A key element of the university's Research & Knowledge Exchange sub-strategy is to make commitments to long-term local, national, and international equitable partnerships, and to decolonise R&KE. Over the last year, the university has invested in a program of work, led by Professor Tracey Reynolds, to better understand and grapple with our legacies of colonialism on R&KE.

The program is being delivered with the support of a working group with representation from across the university, which has contributed to defining the scope of the program and developing an action plan to decolonise R&KE at the university.

In February, the working group met with a facilitator from EAB to discuss the opportunities and challenges to decolonising the research space and making it more equitable. A key output will be to develop a framework on what equitable partnerships look like.

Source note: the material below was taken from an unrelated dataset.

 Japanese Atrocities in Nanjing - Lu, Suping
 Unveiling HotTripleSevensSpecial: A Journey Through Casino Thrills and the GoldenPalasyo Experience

Additionally, the university has awarded two Vice-Chancellor PhD scholarships on Decolonising Research which are due to begin later this year.

1. Towards decolonising AI safety research – A state of the art analysis of the AI cyber risks to citizens’ digital rights in the Global South.

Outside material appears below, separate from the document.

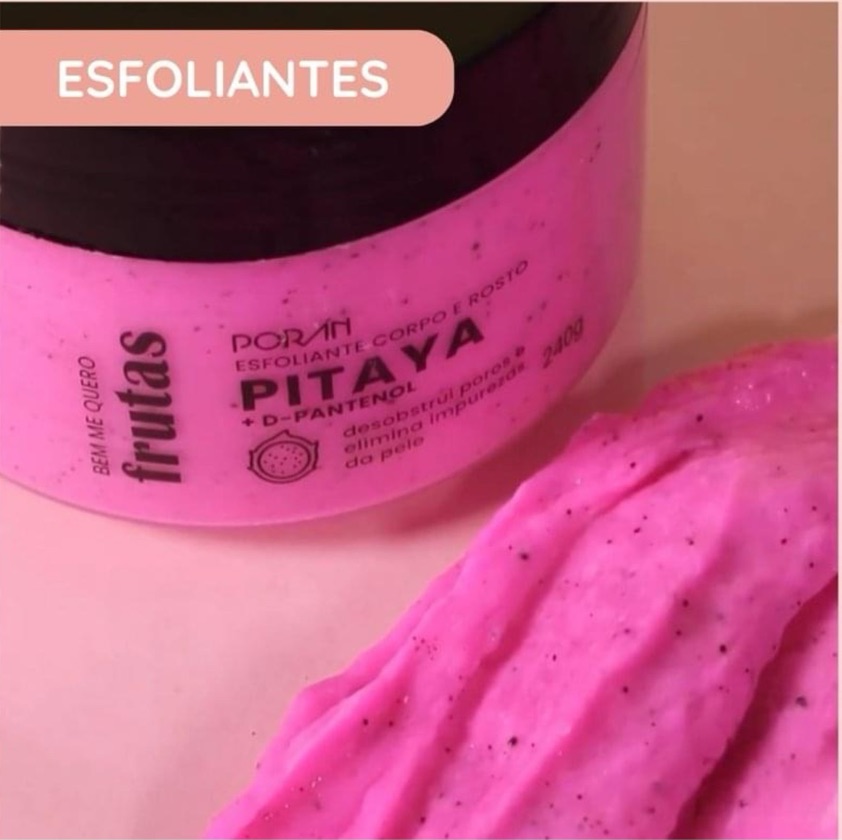 Esfoliante Corpo e Rosto Pitaya Poran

Supervisory team: Fouad Bou Zeineddine (FEHHS/ Centre for Inequalities); Geoge Loukas (FES/Centre for Sustainable Cyber Security); Sofia Stathi (FEHHS/ Centre for Inequalities); Sadiq Sani (FES Centre for Sustainable Cyber Security).

This project will analyse the dispossession of citizens of the Global South of their digital rights (security, privacy, intellectual property, identity, and data sovereignty) and the inadequacy of contemporary cyber-security research for these rights. This analysis will be done in the context of current and potential risks of AI and intersecting systems of modern-coloniality, globalised neoliberal economies, and authoritarianism. Critically, the project will work toward ways forward for cyber-security researchers and communities in the Global South, to decolonise the realm of AI security research and ally with Southern citizens and communities in reclaiming individual and collective data sovereignty.

2. A historical examination of the impacts of soil and land use appraisals on the development of agricultural systems in the Caribbean and west Africa.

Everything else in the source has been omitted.